The first limb of Yoga is called Yama. This can be translated as abstinence, or simply guidelines for an ethical way of living. Yama consists of five concepts: non-violence, truthfulness, non-stealing, continence and non-greed. They may have been translated or interpreted differently by different authors or commentators on the text. In Sanskrit, they are referred to as Ahimsa, Satya, Asteya, Brahmacharya and Aparigraha.
These are big ideas to contemplate. This time of year may be the perfect time to do just that.
So get a pen and paper out, or simply sit and meditate on these concepts. To get grounded and focused apply your Yogandha Ground Rollerball onto your pulse points. Breathe and get ready for your philosophic Yoga class:
The Yamas of ethical living
Let’s start with the first Yama which is Ahimsa, or non-violence, and not causing pain. This may be one that you actually do hear about in your Yoga class. Because certainly one of the main principles of life must be to not cause any harm. No injuries in our Yoga classes!

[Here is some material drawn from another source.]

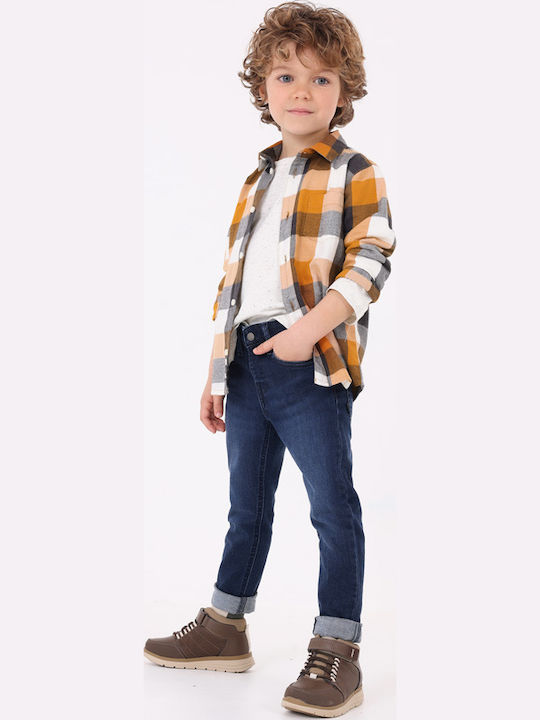 Kids Checked Shirt Long Sleeve Yellow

But it obviously has a deeper meaning than physical injuries.
How might your choices, your thoughts, speech and actions cause pain? To yourself or others? Even to the animal kingdom, environment, nature and society?
By practising Ahimsa we start to observe our Self and how we interact in the world. We take responsibility for our behaviour and the potential consequences.
Satya or truthfulness. Sometimes the truth hurts so we will also remind ourselves that we still want to practise non-violence. The actual meaning of the Sanskrit word Satya can also be translated as "actively expressing and being in harmony with the ultimate truth.” So, we are looking at being completely honest and truthful in our daily life but also in relation to the ultimate spiritual truth.
Asteya or non-stealing. In Sri Swami Satchidananda’s commentary of Patanjali’s Yoga Sutras he says: “To one established in non-stealing, all wealth comes.” Again there are many levels to this statement. For most people, this seems to be a decent moral code. We generally do not steal and we don’t take what is not ours to take. But using the concepts of Ahimsa and Satya can we honestly say that we don’t take more than what we give? Are we greedy? Or perhaps we are holding back? Are we stealing from ourselves and the world by not living truthfully and sharing our gifts?
Brahmacharya or continence is also translated as celibacy. Brahma is a name for God and Char is to walk. The Ya is about being active. So it could also be translated as “walking with God”. This is about conserving our energy. And perhaps use this energy to develop more spiritually.
Aparigraha or non-greed. This is about abstention from greed or hoarding. We are in a consumer society and it’s difficult not to get caught up in “needing” more, buying more and accumulating. Society is also about attaining more power or perhaps becoming more advanced in our Yoga poses or in our work life. The common thread here is more. How can we be happy in the present with what we have? How can you find contentment without more and without greed?
Contemplate the Yamas and how they relate to your modern living. What can you take away from this spiritual text and use in your daily life?